CV tends to have high variance, as the sample reuse is not making any modeling assumptions (this holds also for information criteria such as WAIC). Not making modeling assumptions is good when we don’t trust our models, but if we trust we can get reduced variance in model comparison, for example, examining directly the posterior or using reference models to filter out noise in the data (see, e.g., Piironen, Paasiniemi and Vehtari (2018) and Pavone et al. (2020)).
When using CV (or information criteria such as WAIC) for model selection, the performance estimate for the selected model has additional selection induced bias. In case of small number of models this bias is usually negligible, that is, smaller than the standard deviation of the estimate or smaller than what is practically relevant. In case of negligible bias, we may choose suboptimal model, but the difference to the performance of oracle model is small.
In case of a large number of models the selection induced bias can be non-negligible, but this bias can be estimated using, for example, nested-CV or bootstrap. The concept of the selection induced bias and related potentially harmful overfitting are not new concepts, but there hasn’t been enough discussion when they are negligible or non-negligible.

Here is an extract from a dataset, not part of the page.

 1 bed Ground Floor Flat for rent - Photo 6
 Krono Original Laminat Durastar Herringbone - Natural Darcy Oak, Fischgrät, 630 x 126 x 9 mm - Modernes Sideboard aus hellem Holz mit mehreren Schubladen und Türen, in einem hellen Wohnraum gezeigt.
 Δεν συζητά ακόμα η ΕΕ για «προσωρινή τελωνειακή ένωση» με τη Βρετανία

In our new paper with Yann McLatchie Efficient estimation and correction of selection-induced bias with order statistics we review the concepts of selection-induced bias and overfitting, propose a fast to compute estimate for the bias, and demonstrate how this can be used to avoid selection induced overfitting even when selecting among 10^30 models.
The figure here shows simulation results with p=100 covariates, with different data sizes n, and varying block correlation among the covariates. The red lines show the LOO-CV estimate for the best model chosen so far in forward-search. The grey lines show the independent, much bigger test data performance, which usually don’t have available. The black line shows our corrected estimate taking into account the selection induced bias. Stopping the searches at the peak of black curves avoids overfitting.
Although we can estimate and correct the selection induced bias, we primarily recommend to use more sensible priors and not to do model selection. See more in Efficient estimation and correction of selection-induced bias with order statistics and Bayesian Workflow.